Oct 26 2012
Researchers from the University of Southampton and University of Oxford have developed a system for examining some of the world’s most important historical documents in intricate detail.
Reflectance Transformation Imaging (RTI) System for Ancient Documentary Artefacts (funded by the UK Arts and Humanities Research Council) allows a researcher to move a virtual light source across the surface of a digital image of an artefact and use the difference between light and shadow to highlight never-seen-before details.
The system was recently used on objects held in the vaults of the Louvre Museum in Paris and images have now been made available online for free public access on the Cuneiform Digital Library Initiative website.
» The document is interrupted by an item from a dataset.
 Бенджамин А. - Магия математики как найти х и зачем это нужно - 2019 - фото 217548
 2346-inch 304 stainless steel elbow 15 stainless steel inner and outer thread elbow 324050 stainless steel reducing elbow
Among these documents are manuscripts written in the so-called proto-Elamite writing system used in ancient Iran from 3,200 to 3,000 BC and which is the oldest undeciphered writing system currently known. By viewing the extremely high quality images of these documents, and by sharing them with a community of scholars worldwide, a team from Oxford hope to crack the code once and for all.
The RTI system was developed by Dr Graeme Earl of the Archaeological Computing Research Group at the University of Southampton and Dr Kirk Martinez of Electronics and Computer Science at Southampton. It comprises of a dome with 76 lights inside and a camera positioned at its top. A manuscript is placed in the centre of the dome, where-after 76 photos are taken each with one of the 76 lights individually lit. In post-processing the 76 images are joined so that the researcher can move the light across the surface of the digital image and use the difference between light and shadow to highlight otherwise hidden details.
Dr Kirk Martinez comments: "We aimed to make a modern, fast, but not too expensive version of this imaging system - and it’s great to see we succeeded in making something which is producing valuable data for humanities researchers."
Dr Jacob Dahl, a co-leader of the Cuneiform Digital Library Initiative and a member of Oxford University’s Faculty of Oriental Studies, says: “I have spent the last ten years trying to decipher the proto-Elamite writing system and, with this new technology, I think we are finally on the point of making a breakthrough.
“The quality of the images captured is incredible. And it is important to remember that you cannot decipher a writing system without having reliable images because you will, for example, overlook differences barely visible to the naked eye which may have meaning. Consider for example not being able to distinguish the letter i from the letter t.”
He believes the writing system he is examining may be even more interesting than previously thought: “Looking at contemporary and later writing systems, we would expect to see proto-Elamite use only symbols to represent things, but we think they also used a syllabary – for example 'cat' would not be represented by a symbol depicting the animal, but by symbols for the otherwise unrelated words 'ca' and 'at.
“Half of the signs used in this way seem to have been invented ex novo for the sounds they represent – if this turns out to be the case, it would transform fundamentally how we understand early writing where phonetecism is believed to have been developed through the so-called rebus principle (a modern example would be for example "I see you", written with the three signs 'eye', the 'sea', and a 'ewe').”
Some features of the writing system are already known. The scribes had loaned - or potentially shared - some signs from or with Mesopotamia, such as the numerical signs and their systems and signs for objects like sheep, goats and cereals. Nevertheless, 80-90 percent of the signs remain undeciphered.